The InvenioRDM backend is not event driven. At the time of writing (v11) there is no support for event handling, although there is work being done to implement an event bus (RFC).
Nonetheless, there are several addressed use cases that would benefit from an event bus and will be refactored to use it once it is implemented.
In the following sections these specific use cases will be described with more detail. However, they all share a similar architecture.
The object in charge of sending/triggering the "event". The lack of an event bus leaves freedom of implementation on the emitter. For example, they could be emitted from the views, after unit of work (record) commit, etc. These events are written to case-specific message queues.
The important factor to have into account is the decoupling of the happening of the action and creating the event about it happening. For example, notifying about record creation should be done after the record has been committed. This would avoid inconsistencies such as failing to commit a record because the event failed to be created, or sending a notification about something that was not committed yet and might fail to do so.
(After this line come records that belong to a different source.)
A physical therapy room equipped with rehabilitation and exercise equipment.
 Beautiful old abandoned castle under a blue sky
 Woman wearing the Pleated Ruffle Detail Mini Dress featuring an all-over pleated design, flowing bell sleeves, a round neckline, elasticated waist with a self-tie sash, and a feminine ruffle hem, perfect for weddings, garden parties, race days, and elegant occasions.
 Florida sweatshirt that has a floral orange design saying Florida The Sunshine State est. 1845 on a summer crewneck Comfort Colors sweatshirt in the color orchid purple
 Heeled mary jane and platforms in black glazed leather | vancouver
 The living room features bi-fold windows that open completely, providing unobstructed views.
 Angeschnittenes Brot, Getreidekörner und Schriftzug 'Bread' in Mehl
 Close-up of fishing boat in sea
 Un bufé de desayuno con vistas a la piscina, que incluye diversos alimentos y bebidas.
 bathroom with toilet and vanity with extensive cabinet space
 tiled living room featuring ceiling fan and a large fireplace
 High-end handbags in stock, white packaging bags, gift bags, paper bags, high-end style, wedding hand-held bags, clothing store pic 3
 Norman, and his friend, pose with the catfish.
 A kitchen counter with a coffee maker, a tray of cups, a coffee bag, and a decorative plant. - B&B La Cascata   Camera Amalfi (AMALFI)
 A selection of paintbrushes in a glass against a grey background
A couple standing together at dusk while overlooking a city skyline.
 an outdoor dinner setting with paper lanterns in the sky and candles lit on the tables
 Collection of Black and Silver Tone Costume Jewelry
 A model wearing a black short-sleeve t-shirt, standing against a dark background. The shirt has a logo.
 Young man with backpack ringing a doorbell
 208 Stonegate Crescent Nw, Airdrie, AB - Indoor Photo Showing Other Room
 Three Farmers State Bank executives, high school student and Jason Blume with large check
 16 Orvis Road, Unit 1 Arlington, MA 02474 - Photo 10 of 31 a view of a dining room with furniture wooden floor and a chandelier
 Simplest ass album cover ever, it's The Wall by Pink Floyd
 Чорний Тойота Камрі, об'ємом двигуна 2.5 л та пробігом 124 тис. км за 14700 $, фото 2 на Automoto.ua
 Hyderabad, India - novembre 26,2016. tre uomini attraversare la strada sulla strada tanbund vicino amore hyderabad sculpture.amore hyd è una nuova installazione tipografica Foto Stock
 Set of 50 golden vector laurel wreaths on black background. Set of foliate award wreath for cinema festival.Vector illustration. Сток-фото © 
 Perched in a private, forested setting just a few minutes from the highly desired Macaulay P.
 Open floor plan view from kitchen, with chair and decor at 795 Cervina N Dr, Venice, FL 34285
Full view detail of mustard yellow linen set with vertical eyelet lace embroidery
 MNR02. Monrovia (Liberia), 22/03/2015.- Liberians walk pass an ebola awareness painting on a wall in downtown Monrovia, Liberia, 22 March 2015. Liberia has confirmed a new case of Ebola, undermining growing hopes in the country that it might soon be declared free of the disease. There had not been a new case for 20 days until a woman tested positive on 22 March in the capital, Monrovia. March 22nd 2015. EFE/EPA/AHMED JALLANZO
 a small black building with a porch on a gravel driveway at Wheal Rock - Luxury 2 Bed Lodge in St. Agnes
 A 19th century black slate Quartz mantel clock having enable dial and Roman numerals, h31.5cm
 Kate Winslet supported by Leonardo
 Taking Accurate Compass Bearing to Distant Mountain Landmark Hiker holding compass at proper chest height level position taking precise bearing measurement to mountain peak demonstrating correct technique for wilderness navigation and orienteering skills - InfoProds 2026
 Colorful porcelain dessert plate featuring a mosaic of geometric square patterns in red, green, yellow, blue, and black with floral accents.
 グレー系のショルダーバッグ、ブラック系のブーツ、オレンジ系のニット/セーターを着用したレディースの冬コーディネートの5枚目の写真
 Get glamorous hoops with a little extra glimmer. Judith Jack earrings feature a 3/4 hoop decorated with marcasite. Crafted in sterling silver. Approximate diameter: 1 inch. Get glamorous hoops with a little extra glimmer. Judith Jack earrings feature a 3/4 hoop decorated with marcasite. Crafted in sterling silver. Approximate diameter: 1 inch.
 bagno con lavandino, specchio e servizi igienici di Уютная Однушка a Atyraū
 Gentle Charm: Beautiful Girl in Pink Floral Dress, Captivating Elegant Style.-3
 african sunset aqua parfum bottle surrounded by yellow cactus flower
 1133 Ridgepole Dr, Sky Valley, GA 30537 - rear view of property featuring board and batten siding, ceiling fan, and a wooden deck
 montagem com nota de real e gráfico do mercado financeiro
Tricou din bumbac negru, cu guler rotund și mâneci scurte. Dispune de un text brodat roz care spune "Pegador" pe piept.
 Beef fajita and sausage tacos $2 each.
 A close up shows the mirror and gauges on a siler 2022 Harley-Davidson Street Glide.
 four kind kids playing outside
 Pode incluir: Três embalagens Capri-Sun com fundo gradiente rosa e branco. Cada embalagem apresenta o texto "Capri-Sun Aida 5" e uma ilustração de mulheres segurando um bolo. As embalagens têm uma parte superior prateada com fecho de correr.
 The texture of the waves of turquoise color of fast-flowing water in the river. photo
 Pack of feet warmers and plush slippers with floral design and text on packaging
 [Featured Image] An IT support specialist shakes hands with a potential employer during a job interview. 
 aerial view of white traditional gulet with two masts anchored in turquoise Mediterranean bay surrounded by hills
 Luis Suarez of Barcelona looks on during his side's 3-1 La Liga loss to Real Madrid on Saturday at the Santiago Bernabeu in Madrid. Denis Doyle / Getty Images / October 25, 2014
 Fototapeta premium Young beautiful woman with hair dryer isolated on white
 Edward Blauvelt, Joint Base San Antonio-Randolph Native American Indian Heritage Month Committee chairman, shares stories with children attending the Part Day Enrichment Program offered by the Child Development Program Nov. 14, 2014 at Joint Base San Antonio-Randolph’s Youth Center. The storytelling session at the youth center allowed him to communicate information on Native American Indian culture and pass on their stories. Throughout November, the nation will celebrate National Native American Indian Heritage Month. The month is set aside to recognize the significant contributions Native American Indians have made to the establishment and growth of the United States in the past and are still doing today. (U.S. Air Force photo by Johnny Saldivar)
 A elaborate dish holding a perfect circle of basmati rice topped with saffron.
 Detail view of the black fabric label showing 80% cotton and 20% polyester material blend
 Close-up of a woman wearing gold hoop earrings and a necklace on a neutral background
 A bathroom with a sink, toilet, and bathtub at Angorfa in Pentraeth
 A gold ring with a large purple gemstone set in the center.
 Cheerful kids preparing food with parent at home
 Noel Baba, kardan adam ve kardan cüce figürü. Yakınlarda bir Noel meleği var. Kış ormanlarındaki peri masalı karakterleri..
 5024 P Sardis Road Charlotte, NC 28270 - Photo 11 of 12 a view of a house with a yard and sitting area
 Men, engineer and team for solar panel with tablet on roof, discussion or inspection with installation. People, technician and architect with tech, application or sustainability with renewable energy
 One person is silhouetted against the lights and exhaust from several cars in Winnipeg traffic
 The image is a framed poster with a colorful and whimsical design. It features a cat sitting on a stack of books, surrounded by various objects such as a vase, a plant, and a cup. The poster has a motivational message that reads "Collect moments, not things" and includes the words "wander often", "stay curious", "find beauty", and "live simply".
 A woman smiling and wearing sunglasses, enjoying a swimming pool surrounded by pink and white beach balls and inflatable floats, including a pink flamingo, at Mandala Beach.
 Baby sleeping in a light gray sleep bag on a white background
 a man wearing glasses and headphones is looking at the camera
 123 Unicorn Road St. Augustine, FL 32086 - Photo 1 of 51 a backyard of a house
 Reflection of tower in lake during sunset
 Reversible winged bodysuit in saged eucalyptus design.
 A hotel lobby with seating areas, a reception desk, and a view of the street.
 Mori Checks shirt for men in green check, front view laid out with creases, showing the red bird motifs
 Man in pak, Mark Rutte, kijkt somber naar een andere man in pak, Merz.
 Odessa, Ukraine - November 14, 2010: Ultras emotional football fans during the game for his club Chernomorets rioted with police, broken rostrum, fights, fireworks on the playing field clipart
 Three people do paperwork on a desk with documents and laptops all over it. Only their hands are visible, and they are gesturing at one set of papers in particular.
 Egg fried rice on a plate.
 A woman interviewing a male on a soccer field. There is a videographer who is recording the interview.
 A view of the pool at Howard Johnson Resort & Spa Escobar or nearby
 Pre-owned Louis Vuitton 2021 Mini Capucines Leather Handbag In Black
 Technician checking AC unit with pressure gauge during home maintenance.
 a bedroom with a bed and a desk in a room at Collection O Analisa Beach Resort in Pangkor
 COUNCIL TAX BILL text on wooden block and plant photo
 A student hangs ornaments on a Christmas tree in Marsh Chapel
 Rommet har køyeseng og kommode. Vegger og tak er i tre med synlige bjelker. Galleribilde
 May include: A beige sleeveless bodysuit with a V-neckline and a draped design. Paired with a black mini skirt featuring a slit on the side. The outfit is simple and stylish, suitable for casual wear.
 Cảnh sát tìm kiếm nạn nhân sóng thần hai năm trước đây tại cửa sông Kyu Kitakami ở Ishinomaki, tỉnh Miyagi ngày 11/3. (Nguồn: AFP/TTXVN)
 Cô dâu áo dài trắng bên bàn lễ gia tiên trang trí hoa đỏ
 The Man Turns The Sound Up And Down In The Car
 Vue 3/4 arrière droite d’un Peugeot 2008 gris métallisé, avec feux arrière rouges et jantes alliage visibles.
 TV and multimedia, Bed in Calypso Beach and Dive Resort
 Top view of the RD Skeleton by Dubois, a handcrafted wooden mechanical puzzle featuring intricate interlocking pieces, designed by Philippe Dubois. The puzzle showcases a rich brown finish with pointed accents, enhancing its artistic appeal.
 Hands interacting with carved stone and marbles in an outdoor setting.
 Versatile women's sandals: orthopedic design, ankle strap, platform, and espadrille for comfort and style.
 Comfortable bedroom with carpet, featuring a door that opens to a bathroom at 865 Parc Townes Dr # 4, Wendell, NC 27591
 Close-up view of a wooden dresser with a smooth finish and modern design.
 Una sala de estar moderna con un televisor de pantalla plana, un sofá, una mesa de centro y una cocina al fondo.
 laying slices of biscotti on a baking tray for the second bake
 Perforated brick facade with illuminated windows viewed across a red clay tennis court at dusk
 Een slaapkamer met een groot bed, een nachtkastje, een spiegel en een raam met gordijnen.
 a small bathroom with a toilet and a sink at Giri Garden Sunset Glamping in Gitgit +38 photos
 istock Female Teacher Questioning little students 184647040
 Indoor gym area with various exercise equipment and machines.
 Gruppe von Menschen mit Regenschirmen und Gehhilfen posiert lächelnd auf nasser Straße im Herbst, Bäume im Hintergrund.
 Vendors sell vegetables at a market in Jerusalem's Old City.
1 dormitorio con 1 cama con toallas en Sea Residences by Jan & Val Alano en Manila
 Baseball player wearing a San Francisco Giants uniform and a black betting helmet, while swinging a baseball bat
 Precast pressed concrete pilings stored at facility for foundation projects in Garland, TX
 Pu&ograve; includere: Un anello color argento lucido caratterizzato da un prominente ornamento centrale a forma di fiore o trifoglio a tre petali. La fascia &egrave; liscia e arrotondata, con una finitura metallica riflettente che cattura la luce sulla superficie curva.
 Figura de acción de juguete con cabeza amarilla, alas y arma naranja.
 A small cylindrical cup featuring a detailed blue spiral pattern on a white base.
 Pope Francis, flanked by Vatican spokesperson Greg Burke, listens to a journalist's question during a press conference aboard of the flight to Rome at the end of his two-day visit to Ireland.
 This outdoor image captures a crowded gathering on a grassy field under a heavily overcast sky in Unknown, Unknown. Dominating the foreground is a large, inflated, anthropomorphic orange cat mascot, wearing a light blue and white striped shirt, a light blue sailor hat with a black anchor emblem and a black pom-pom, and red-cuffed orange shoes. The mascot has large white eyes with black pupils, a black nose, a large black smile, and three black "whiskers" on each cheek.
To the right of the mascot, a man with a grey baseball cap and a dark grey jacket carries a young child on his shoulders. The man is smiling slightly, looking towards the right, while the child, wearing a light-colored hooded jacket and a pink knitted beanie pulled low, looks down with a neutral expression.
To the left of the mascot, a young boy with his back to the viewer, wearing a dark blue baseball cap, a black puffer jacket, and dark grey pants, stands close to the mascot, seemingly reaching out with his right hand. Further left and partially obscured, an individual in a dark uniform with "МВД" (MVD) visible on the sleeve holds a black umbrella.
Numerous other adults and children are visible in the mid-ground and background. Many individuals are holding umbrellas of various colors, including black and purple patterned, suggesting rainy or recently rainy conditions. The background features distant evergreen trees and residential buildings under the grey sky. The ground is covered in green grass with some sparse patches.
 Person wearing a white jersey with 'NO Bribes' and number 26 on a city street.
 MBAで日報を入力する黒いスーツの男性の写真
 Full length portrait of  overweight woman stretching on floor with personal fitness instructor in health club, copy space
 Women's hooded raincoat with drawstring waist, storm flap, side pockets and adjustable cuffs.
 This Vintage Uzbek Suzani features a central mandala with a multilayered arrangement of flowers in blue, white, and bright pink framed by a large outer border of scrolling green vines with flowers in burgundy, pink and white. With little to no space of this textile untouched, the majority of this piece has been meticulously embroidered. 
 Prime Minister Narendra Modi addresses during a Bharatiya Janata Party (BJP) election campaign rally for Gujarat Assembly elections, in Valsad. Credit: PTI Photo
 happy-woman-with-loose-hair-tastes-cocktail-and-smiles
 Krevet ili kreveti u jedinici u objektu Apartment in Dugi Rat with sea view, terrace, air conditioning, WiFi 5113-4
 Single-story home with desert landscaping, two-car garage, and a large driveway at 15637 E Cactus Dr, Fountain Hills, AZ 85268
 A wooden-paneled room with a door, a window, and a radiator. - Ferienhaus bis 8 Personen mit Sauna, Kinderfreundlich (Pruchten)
This leads to the question of what happens if after commit I cannot create the event? and other corner cases. Addressing these cases is out of the scope of the current implementations and will be solved by the event bus.
For every event there is one or more operations that need to be executed. In the following examples the logic is implemented in case-specific tasks that run periodically (celery beat).
When processing events it is important to eventually arrive to the same state. For example, if all events where to be reprocessed (e.g. event sourcing) several times, the final state should be the same. In addition, if one or more events were processed more than once the final state should also be the same, this means that event processing must be idempotent.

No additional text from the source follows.